← Ferrosa Suite home · Database home

3-Node Cluster Setup

Run a production-shaped 3-node Ferrosa cluster. This guide covers prerequisites, per-node configuration, formation, verification, and expected cold-start behavior after a full restart.

Developer Preview — Clustering durability caveat: Ferrosa clustering is in active hardening. Data written during cluster formation may have reduced durability until the Raft state machine commits topology and bootstrap streaming completes data redistribution across all replicas. Do not use this configuration for production data until you have run your own durability validation with a representative workload. See Operational Notes for general durability considerations.

Prerequisites

Three machines (or containers) with stable hostnames or IP addresses that can reach each other on TCP port 7000 (internode protocol).
Each node must be able to resolve the other nodes' FERROSA_INTERNODE_BROADCAST addresses at startup and on reconnect.

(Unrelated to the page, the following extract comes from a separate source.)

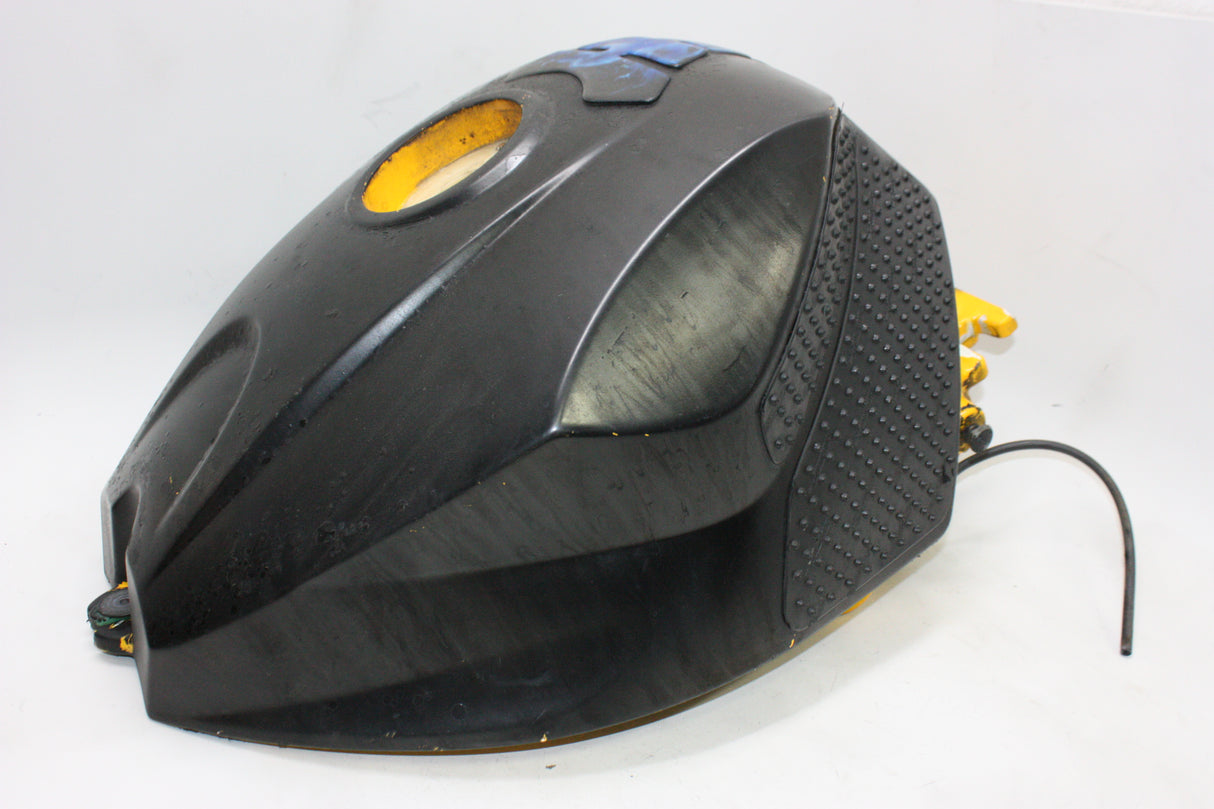 2004 Triumph Daytona 600 OEM GAS TANK FUEL PETROL RESERVOIR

Use hostnames where possible — they survive container IP churn. Static IPs are acceptable for bare-metal deployments.
Port 9042 (CQL) and port 9090 (web console / readiness probe) open for client and operator access on each node.
Shared S3-compatible storage (or a local MinIO instance) configured identically on all three nodes. All nodes must point at the same bucket.
Clocks synchronized (NTP or equivalent). Ferrosa tolerates up to 5 seconds of skew by default (FERROSA_CLOCK_MAX_SKEW_SECS). Larger skew causes Accord transaction validation failures.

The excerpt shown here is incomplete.